I took a long walk this morning after an early airport run. It felt good to hit the pavement after sending off the Seattle contingent. They live so far away, and I miss them. But they are well on their way now, and the rest of us are back in our homes and routines, too. The week we spent together was full of hikes and paddles and loud, raucous family dinners, and I’m enormously grateful for it.

If today I’m a little sad knowing it’s over, that’s part of it, too, like the rise and fall of breath and tides. I tell myself that it could easily not have worked out at all. There were the schedules of eight adults to juggle, to say nothing of baby nap times, feedings and gear. 

I snapped the top photo after everyone else had left the house, amazed that it could end up looking like it had in the website pictures once we’d packed up and moved out. But I’d rather remember it like this:

On the Lake

On the Lake

There’s at the lake and there’s on the lake. And what a difference between the two. Being at the lake can also mean being in the woods or on a walk or hanging with the family in an A-frame across the road. 
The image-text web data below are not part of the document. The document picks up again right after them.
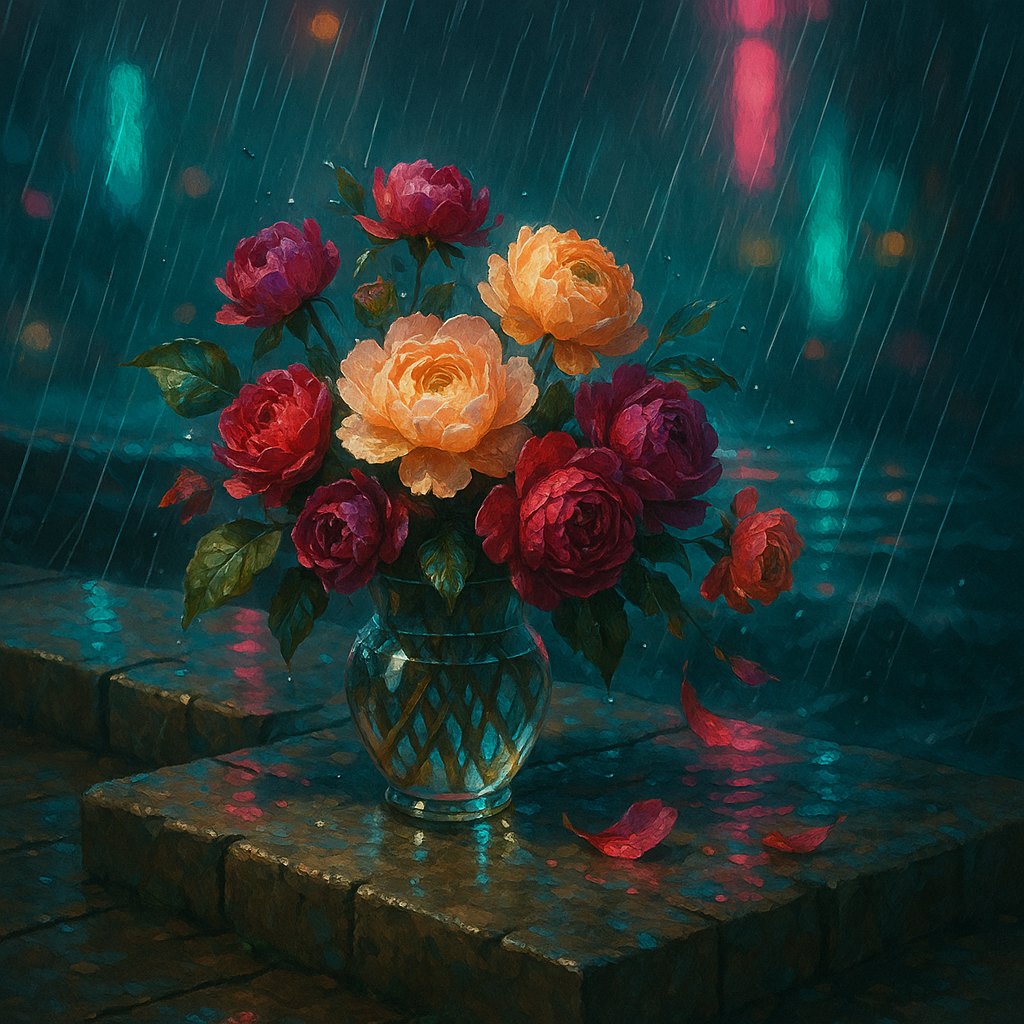 Neon Rain Roses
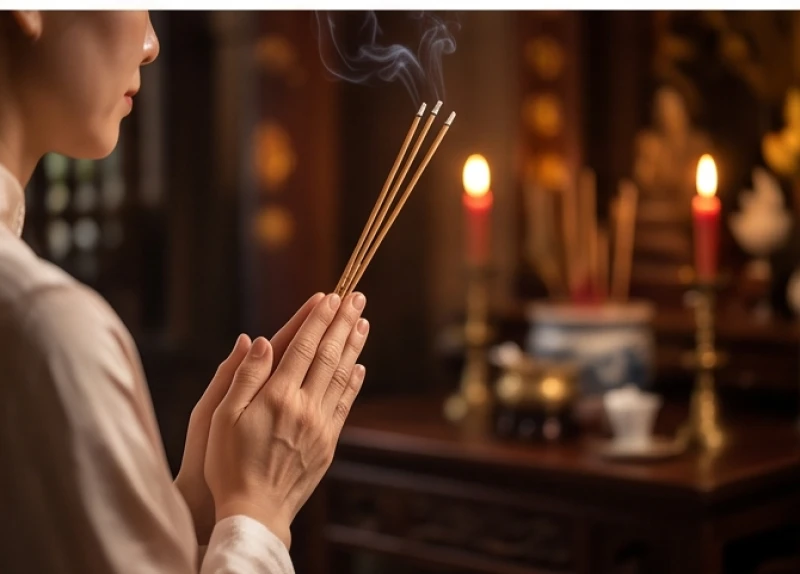 Sao hạn tuổi Tuất năm 2027: Bảng tra tổng hợp và sơ đồ cắm nến 9 Đôi bàn tay chắp lại cầm nén nhang thắp sáng trước ban thờ trong nghi thức dâng sao giải hạn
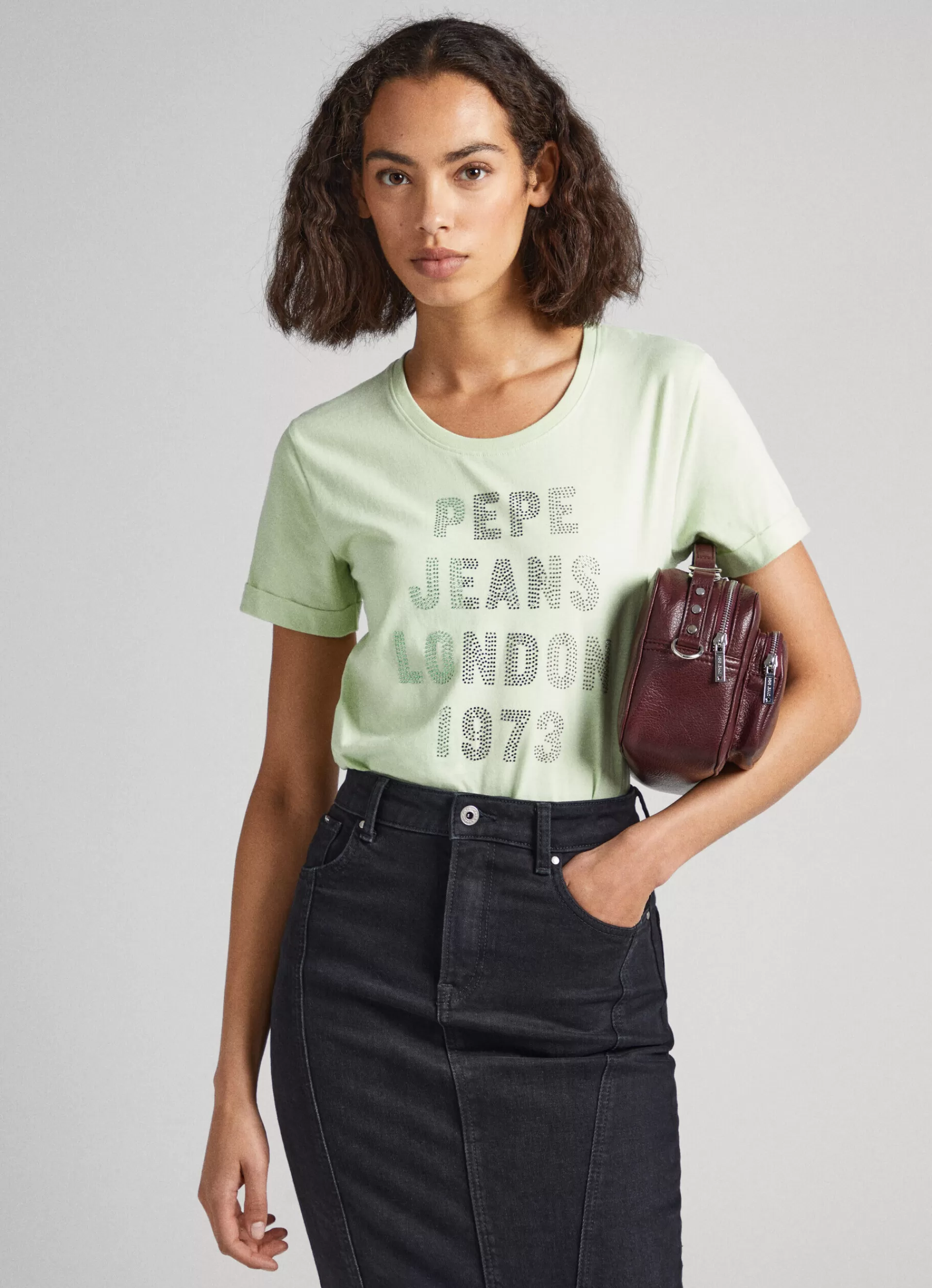 T-shirts*Women Pepe Jeans STRASS LOGO T-SHIRT Bleach Green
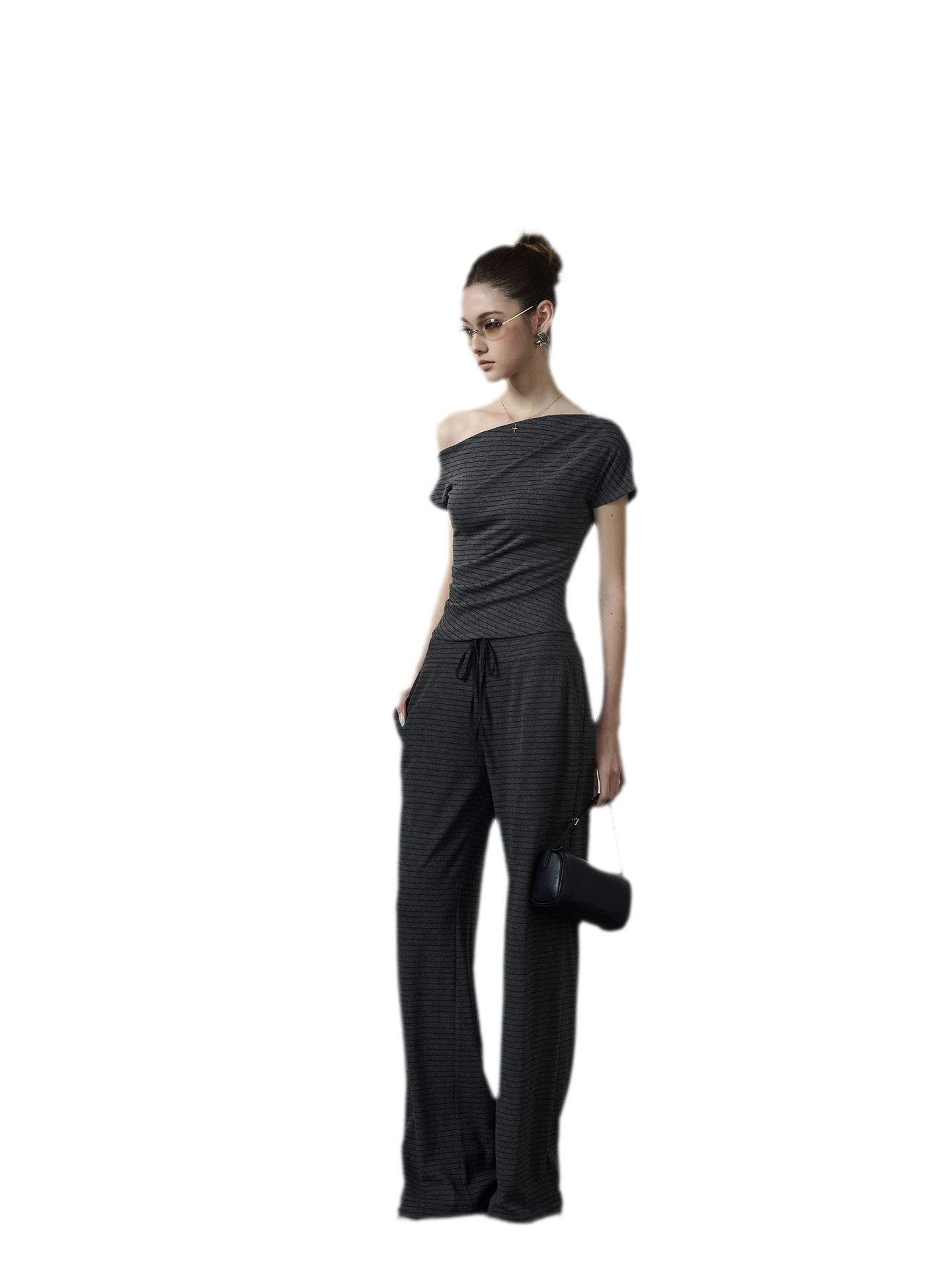Striped Asymmetric Three-Piece Set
Being on the lake is being immersed in water and wake, paddle and foam.  It’s kayaking up and down Red Run Cove, saying hello to folks in other boats or on the shore, listening to snippets of conversation about the invasive grasses that are mucking up motor boat propellers. 

Once in the middle of the lake, I put my oar across my knees and feel the sun on my face. I think about the trip, which ends today. There was a lot of packing and organizing to get us here. There’ll be a lot of packing and organizing to get us home. It was worth every minute of it.

At the Lake

At the Lake

A laptop that’s been off for more than two full days. Dinner for eight every night. A new place with new routines. Must be on vacation.

Here at the lake it’s 20 degrees cooler than home — and with two babies and two dogs, quite a bit more lively.

Two of us are working, two just left for a walk, two of us are napping (the under-one crowd) and the rest are figuring out what we’ll do next. 

It’s August … and the world is now this cottage near a lake.